Long before Yahoo! and Google, before spiders crawled the Internet and the world was wired, the curious stood in front of the card catalog to begin their search for entertainment and information. They flipped through the cards, oftentimes discovering authors, titles, and subjects unknown to them before.

Millions of those 3x5" index cards faced extinction when University Libraries retired its card catalog more than a year ago, but several hundred of them have been saved—transformed into art by the cARTalog project, the brainchild of Kristin Baum, 95MA, a book conservator.

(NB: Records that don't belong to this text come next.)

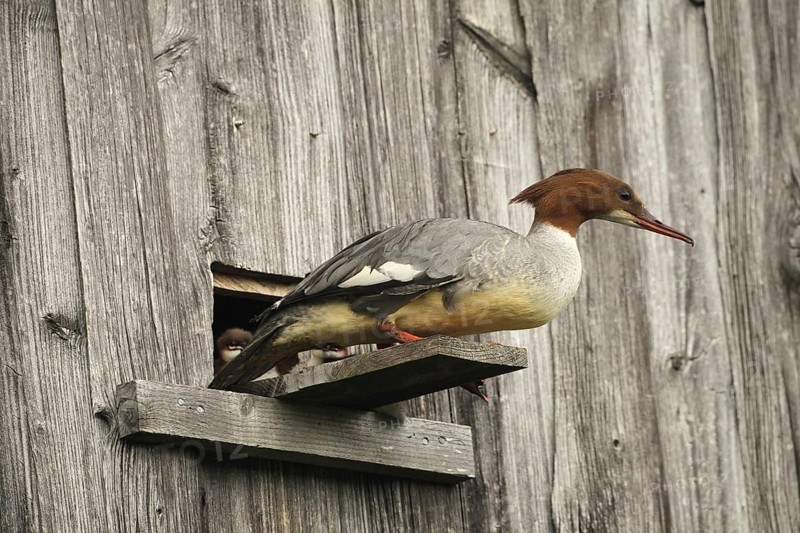 Goosander (Mergus merganser) female at the breeding den in a field barn, a few seconds in front of jumping into the deep, Allgäu, Bavaria, Germany, Allgäu, Bavaria, Germany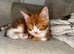 Red and white male tabby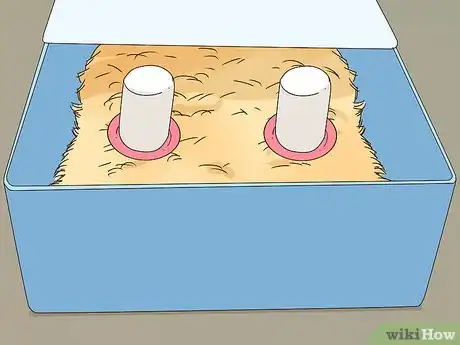 Image titled Raise Quail for Eggs Step 9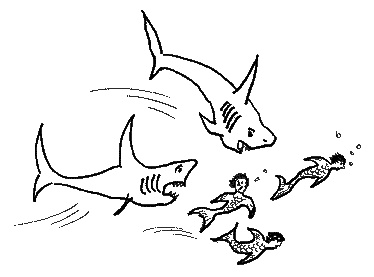 Иллюстрация к книге — Два мудреца в одном тазу... [i_030.jpg]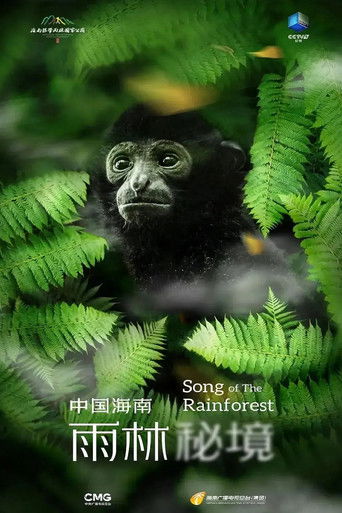 中国海南·雨林秘境 poster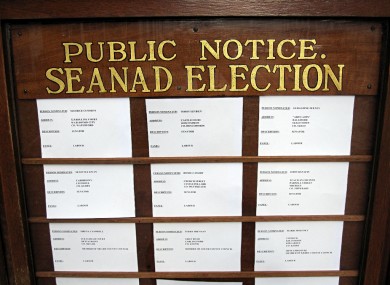 A public notice detailing candidates in April's Seanad Elections is shown at Leinster House.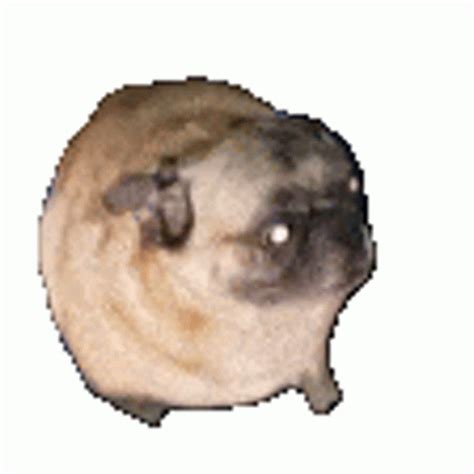 Dancing Pug Vibing Sticker - Dancing Pug Vibing - Discover & Share GIFs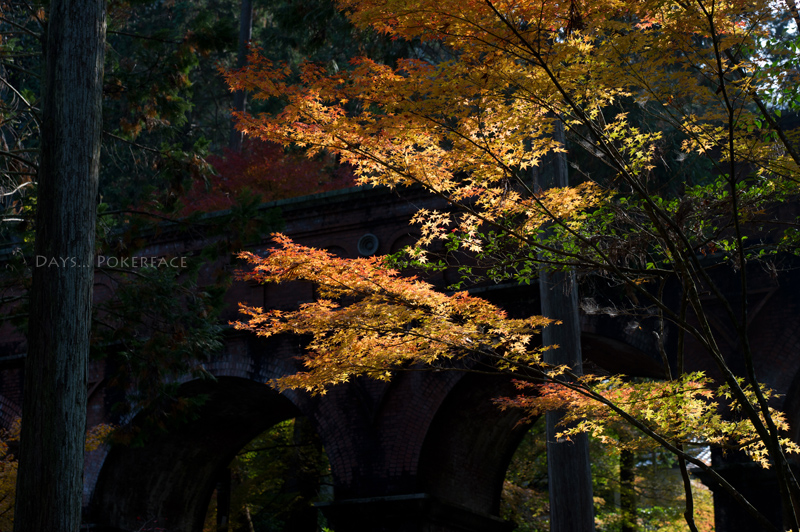 紅葉に染まる頃　南禅寺水路閣周辺 01_d0079559_2256469.jpg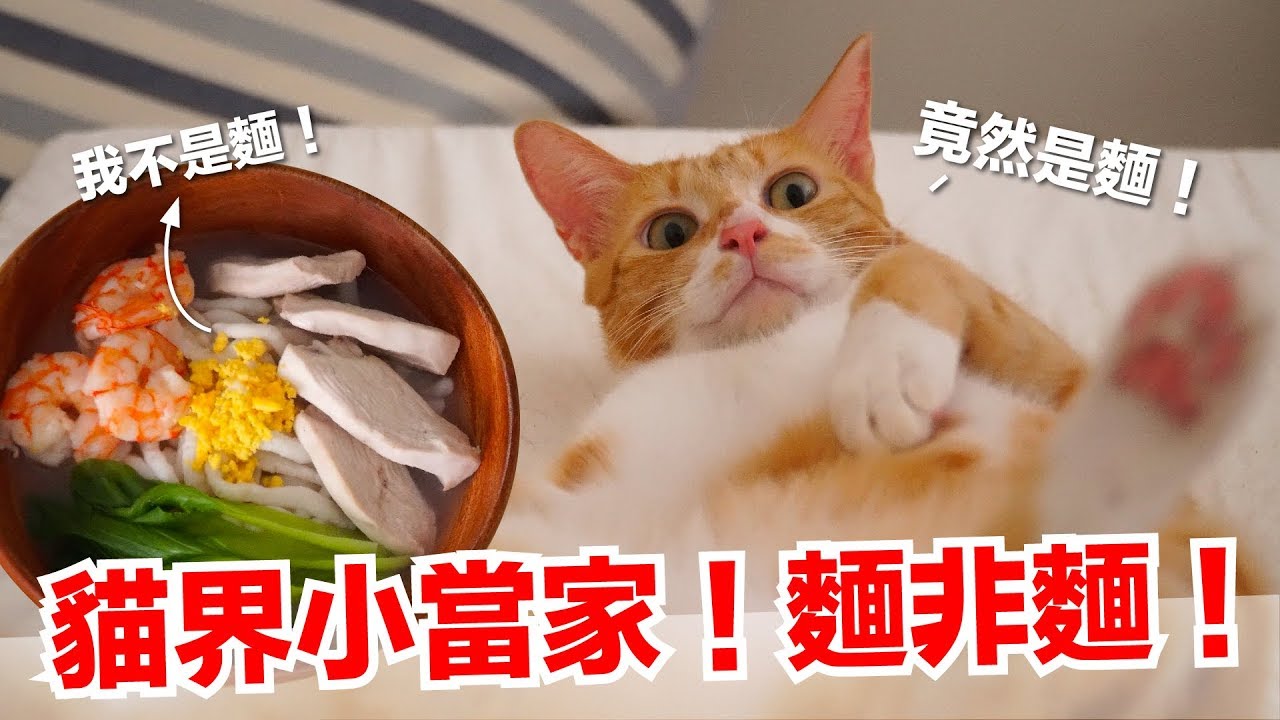 貓界小當家！貓的麵非麵！【貓副食食譜】好味貓鮮食廚房EP159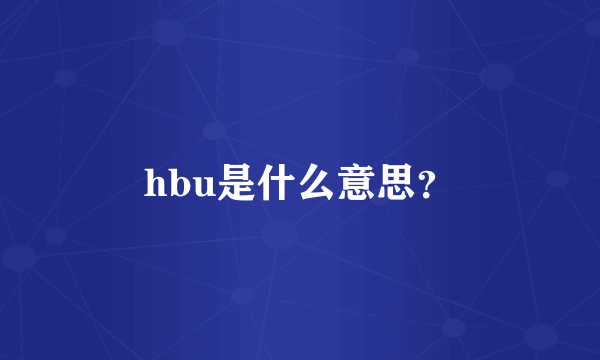 hbu是什么意思？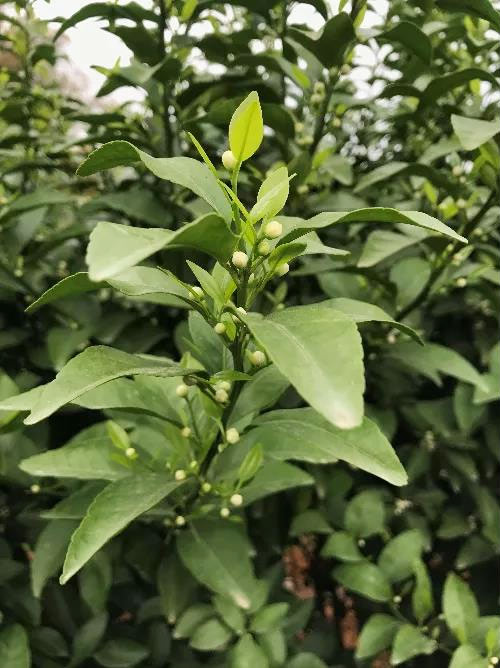 秋梢期，柑橘果農(nóng)都在做這件事……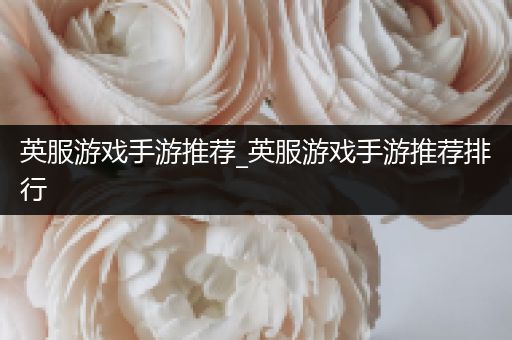 英服游戏手游推荐_英服游戏手游推荐排行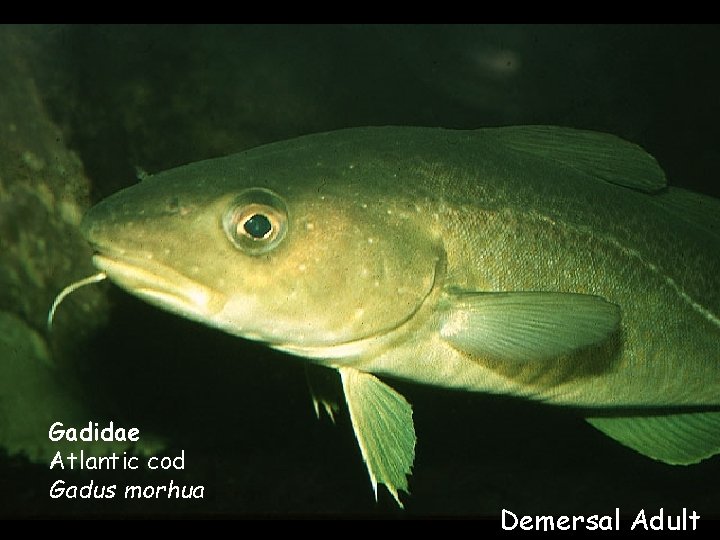 Gadidae Atlantic cod Gadus morhua Demersal Adult 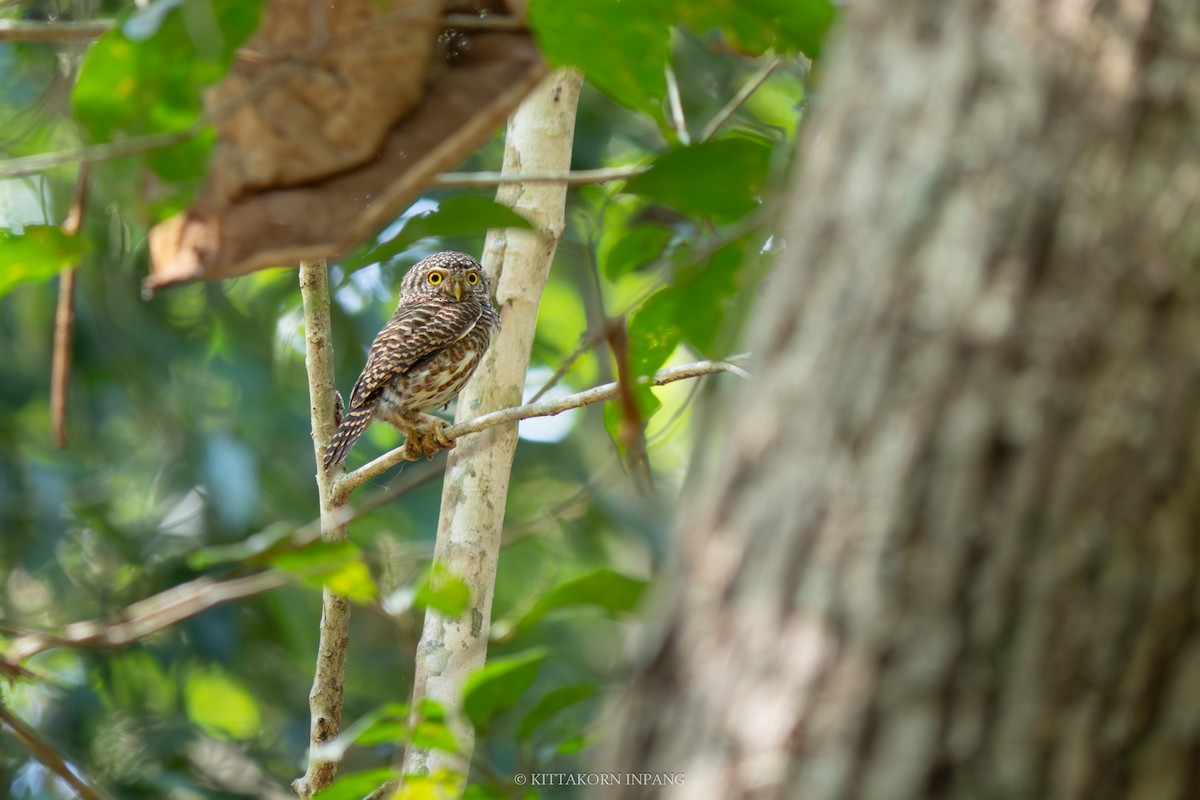 Collared Owlet - Kittakorn Inpang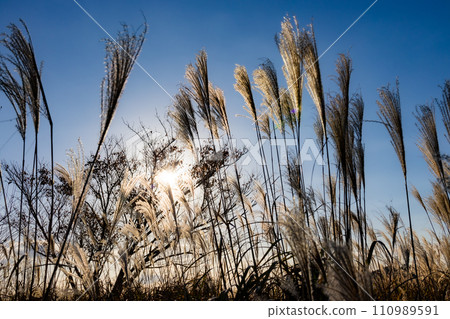 大石高原的潘帕斯草與陽光 110989591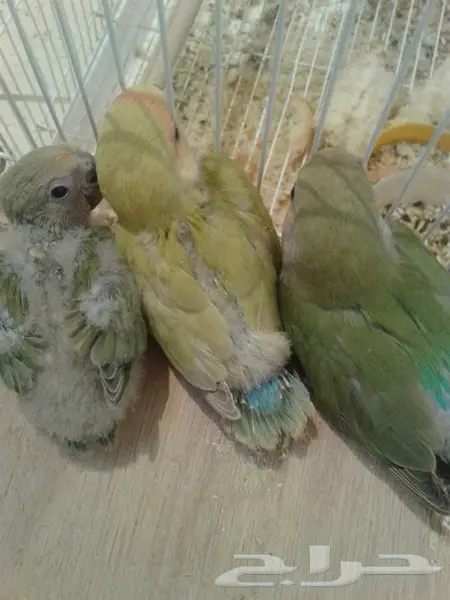 روز جوز معه بيض وفروخ روز لهواة الغر والهدد  (image 8)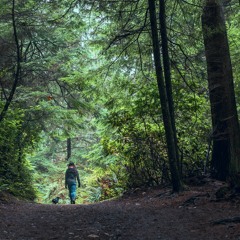 Will You Take A Walk With Me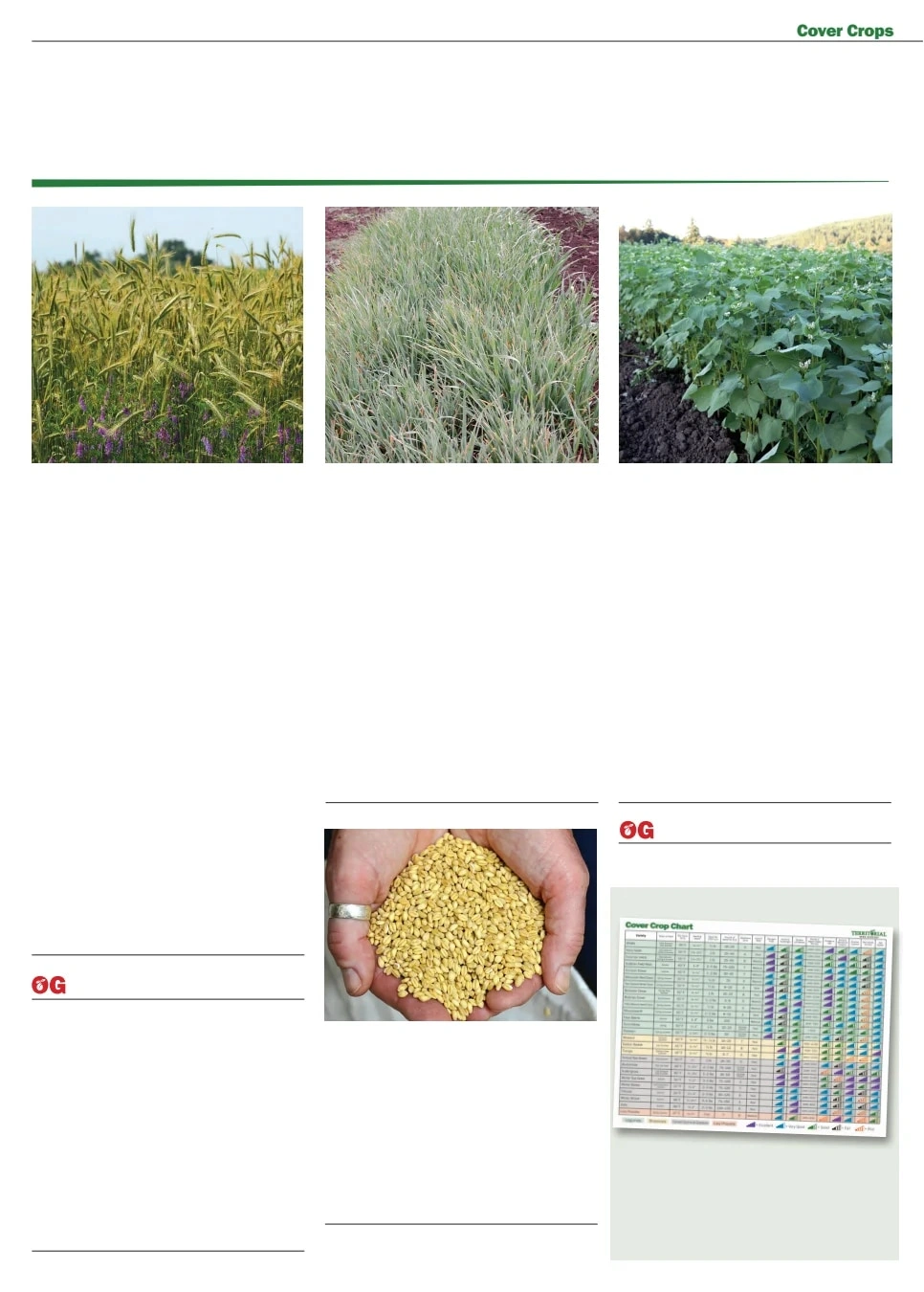 Territorial Seed flyer page 46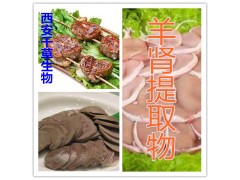 羊肾提取物水溶粉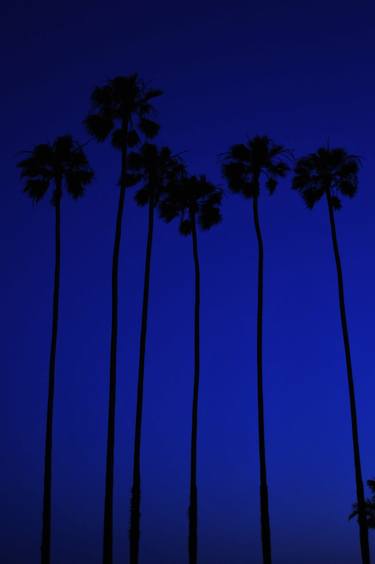 Los Angeles Palm Trees - Limited Edition 2 of 5 thumb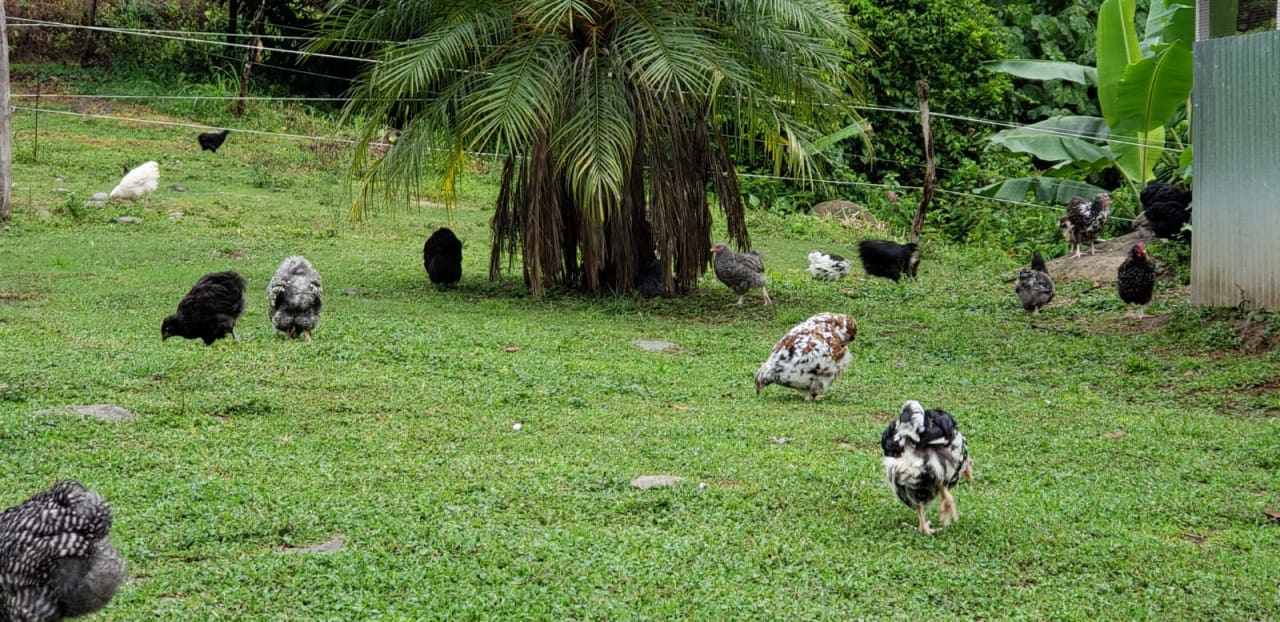 Finca Río General in Santa Luisa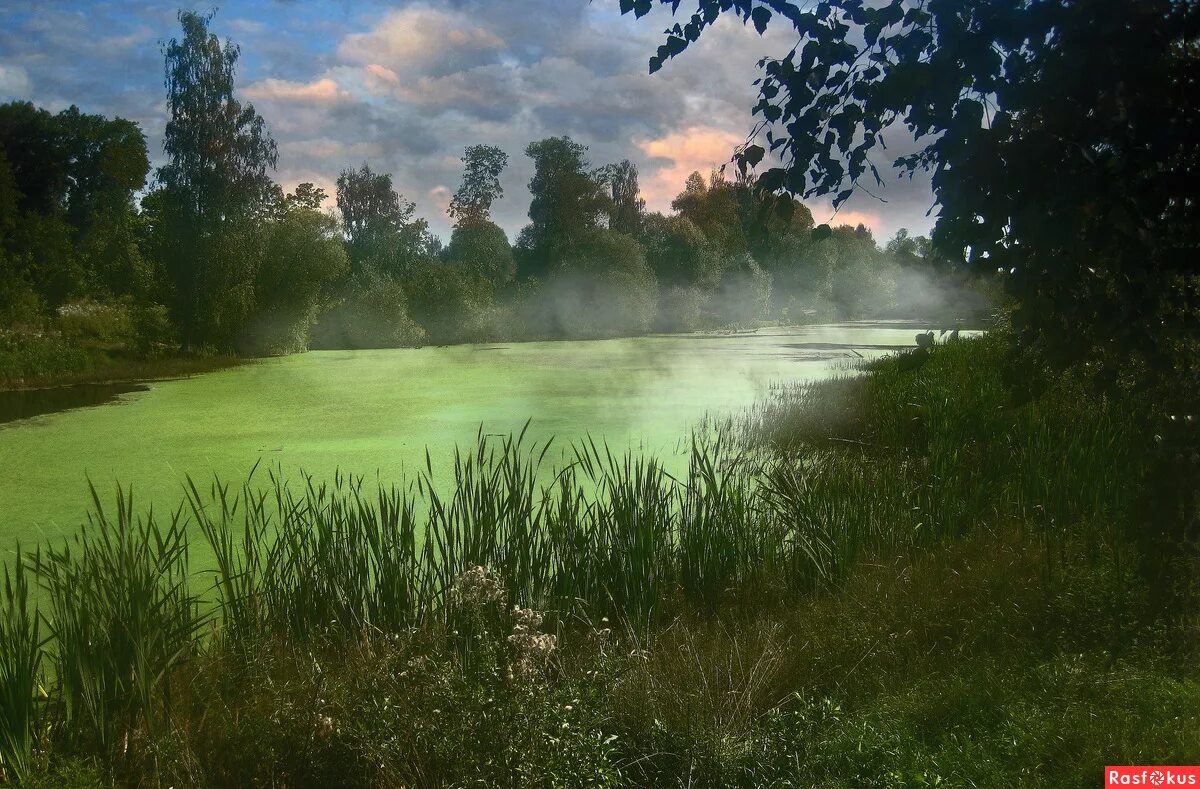 старый пруд затянуло ряской спустившись сюда. затянулось бурой тиной гладь старинного пруда фото. ряска болотная. гидрофиты ряска. болото с ряской.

Inspired by a similar project at the San Francisco Public Library, Baum conceived an art show based on the index cards from the UI's card catalog. She shared her idea with other library staff and the project began to unfold. Sarah Andrews, 87BA, 03MA, a library assistant in acquisitions, invited members of the worldwide mail art community—people who create art that's delivered through the mail rather than sold or displayed—to participate, distributing some 3,000 cards to people in 12 countries, plus the U.S. Meanwhile, Baum got the word out through workshops and conferences.

As news spread, people began to request cards. A few didn't want to participate in the project per se, but they did want to express their feelings about these longstanding databases of library holdings.

"To me, as an old-timer, library card files and the cards within them have a magical quality," Marion Carson, 54MA, 04BLS, wrote. "They were portals to worlds and times beyond my reach as a youngster living in a small rural-oriented town."

Soon, the submissions began to pile up. Elementary school teachers used the cARTalog project in their classes. Others, usually attracted to the project because of their affection for libraries and books in general or for the University of Iowa in particular, worked independently, oftentimes gathering ephemera to reflect the text on their cards.

Iowa City librarian Kathy Mitchell, 73BA, 78MA, built a house of cards—a shrine to reading. Daniel S. Venne made an exquisite corpse book, so called because it consists of three parts, a head, torso, and feet. Sally Slaviero Orgren, 84BA, wove two ties with cards embedded—one for her father-in-law, a librarian, and one for the cARTalog exhibit. Marlene Russum Scott expressed the fate of the card catalog in a scientific specimen display for Charta Catalogus.

Sewn, stapled, painted, folded, stamped, and shellacked, the cards evolved into imaginative expressions far beyond their original purpose, evidence of the creative thinking that libraries so often inspire and the many diverse ideas they contain.